# Esperanto: clothes



## Boljon

I want to know the Espranto words for many kinds of clothes but I haven't found some of them, for example, how do we say "jeans" "T-shirt" and "cardigan" in Espranto?


----------



## Aleco

Some

Shirt = ĉemizo
Skirt = jupo
Dress = robo
Jeans = pantalupo
Shoe - ŝuo
Jacket = jako
Cap = ĉapo
Sock = ŝtrumpo
Underpants = kalsoneto
Necklace = ĉeno


----------



## Boljon

Thank you so much for your answer.

For "sock", I have a question:
Does "ŝtrumpo" mean "sock" or "stocking"? In my dictionary, there are both, then which is correct? Is there a word "ŝtrumpeto" for not "stocking" but "sock"?

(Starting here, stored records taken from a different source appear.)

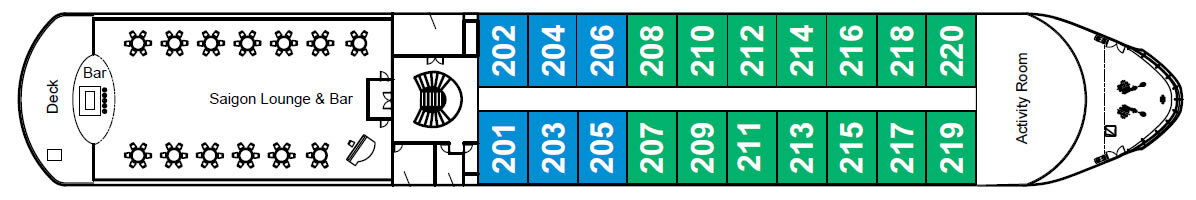 Saigon Deck (Level 3)
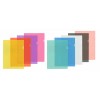 Data Bank A4 Plastic Folder Clear/Blue/Green/Orange/Purple/Red/Pink/Yellow/Smoky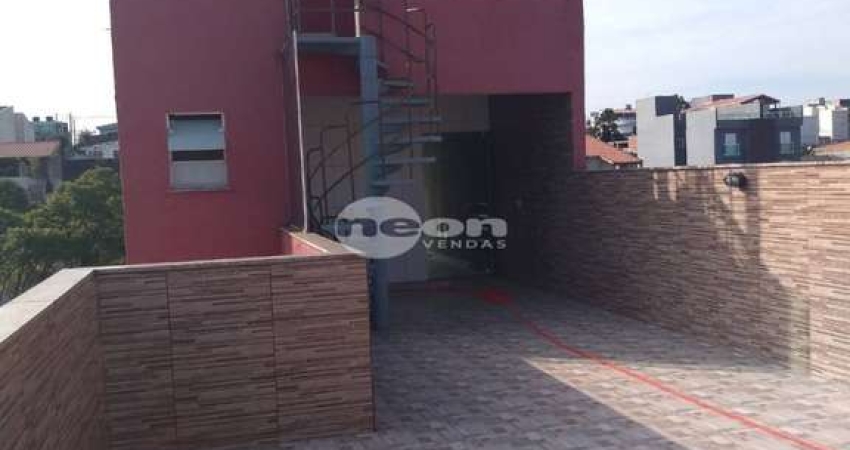 Cobertura com 2 quartos à venda na Rua Ouricuri, 235, Parque João Ramalho, Santo André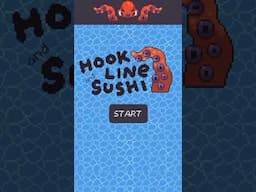 i luv sushi!!! #gamedev #pixelart #godot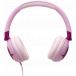 Enceinte Jack 3.5mm JR320BT pour enfants avec Micro Supra-auriculaire Violet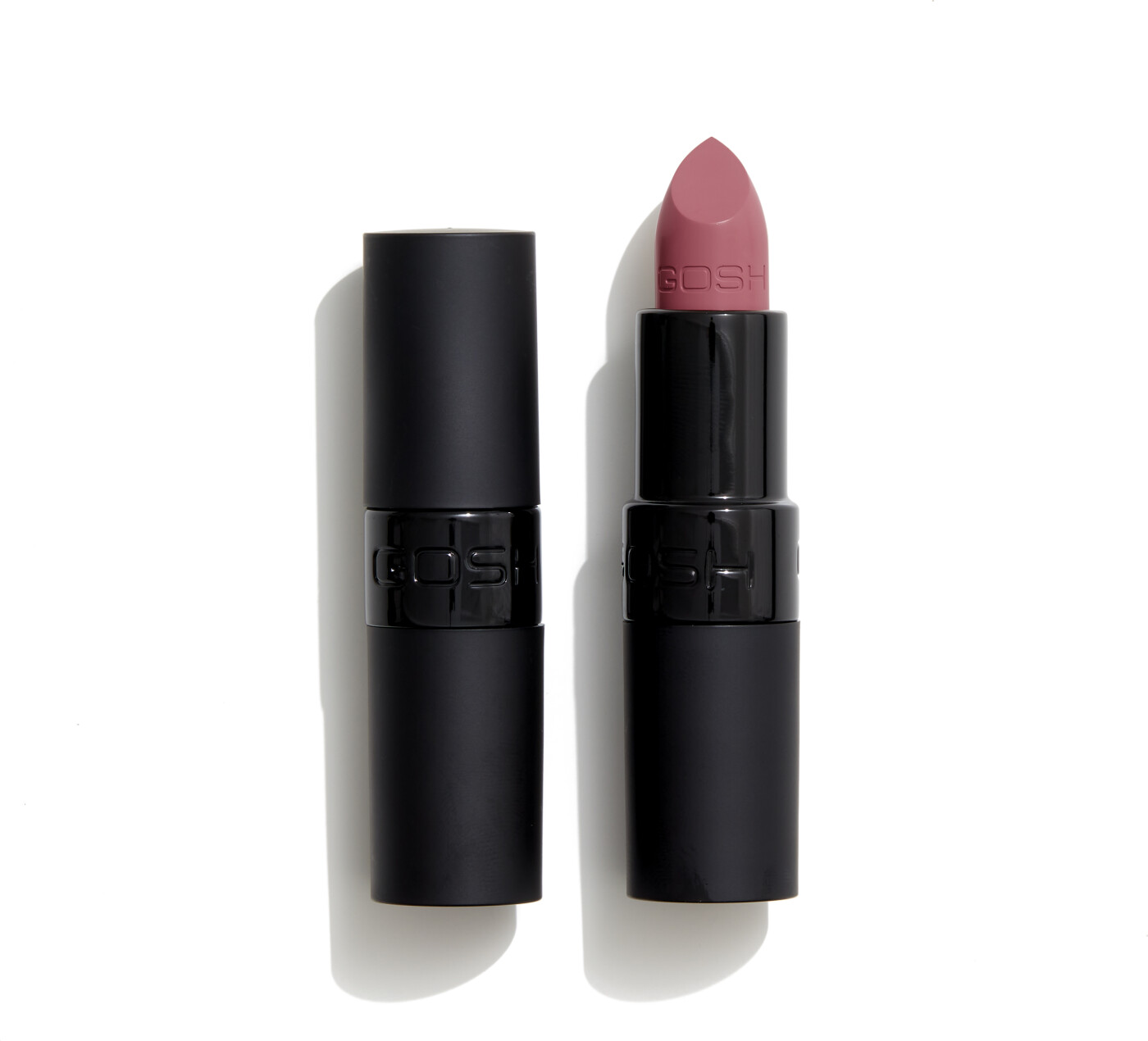 Gosh Copenhagen - Velvet Touch Lipstick Læbestift - 019 Matt Angel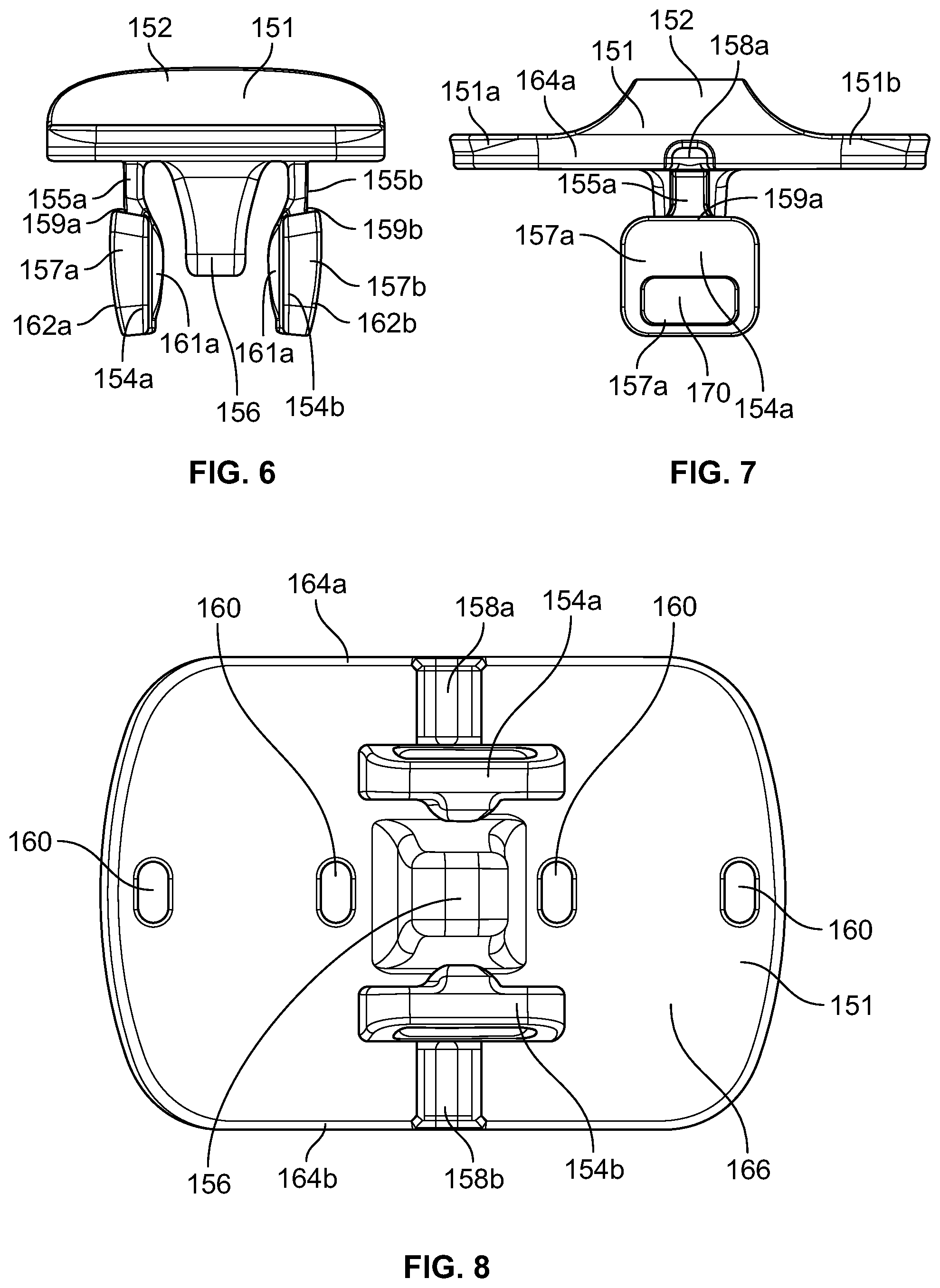 Patent US11814223 Figure 5 – Closure and lid and method of forming closure and lid
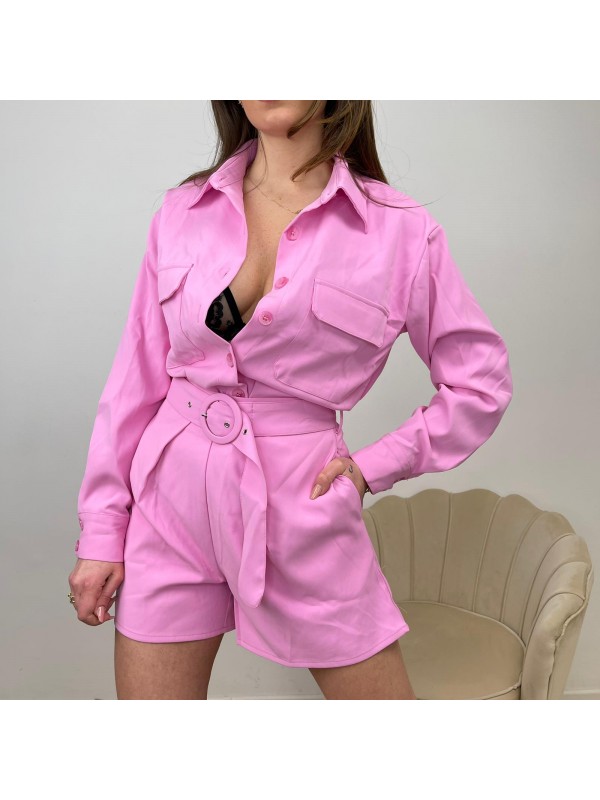 CO ORD SET SPRING ROSA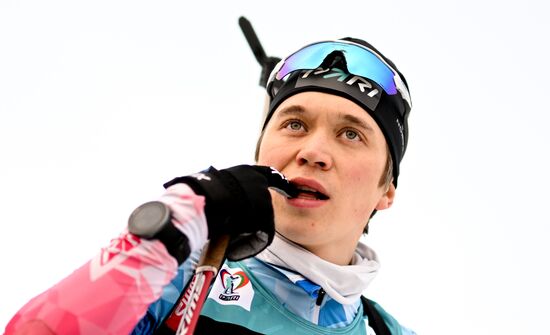 Russia Biathlon Commonwealth Cup Men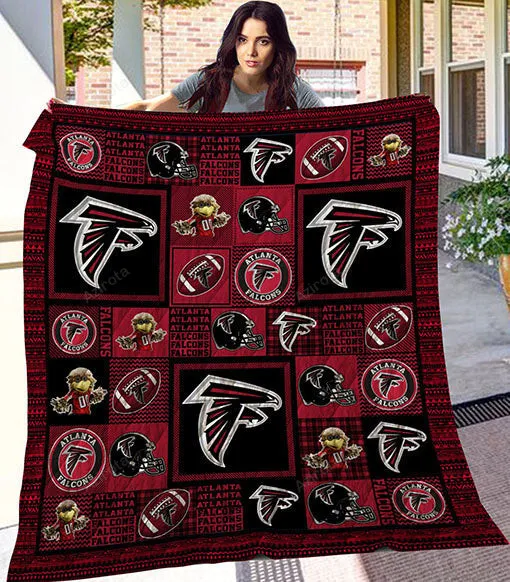 Atlanta Falcons 3D Full Printing Quilt 2555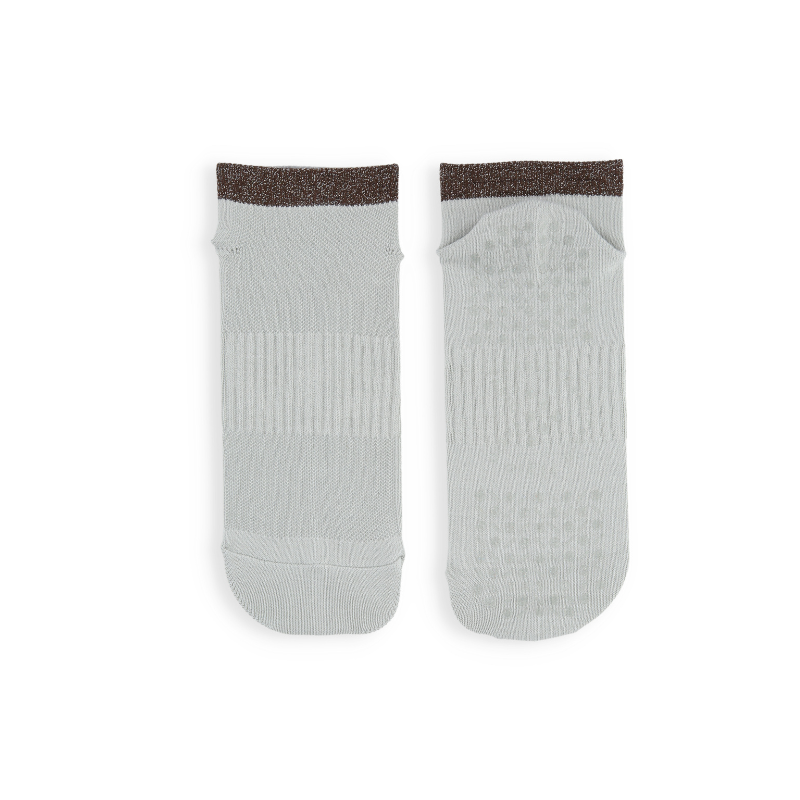 051120025 Fitness Sparkly Top Ankle Socks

And, can I say "tis^irt" for "T-shirt" or there is a word for that?

I found in my dictionary "cardigan" is like "svetero", is there "kardigano" in Esperanto?


----------



## Aleco

Sweater: ĵerzo
My dictionary says this for sock: (duon)ŝtrumpo
and just ŝtrumpo for stocking


----------



## Nizo

jeans = _ĝinzo, ĵinso_
t-shirt = _t-ĉemizo, to-ĉemizo_
cardigan = _svetero_ (there’s no fixed word for cardigan; one source calls it an _apertosvetero_, but I'm not sure many Esperantists would know what that means; another gives _kardigano_; best to just use _svetero_)


----------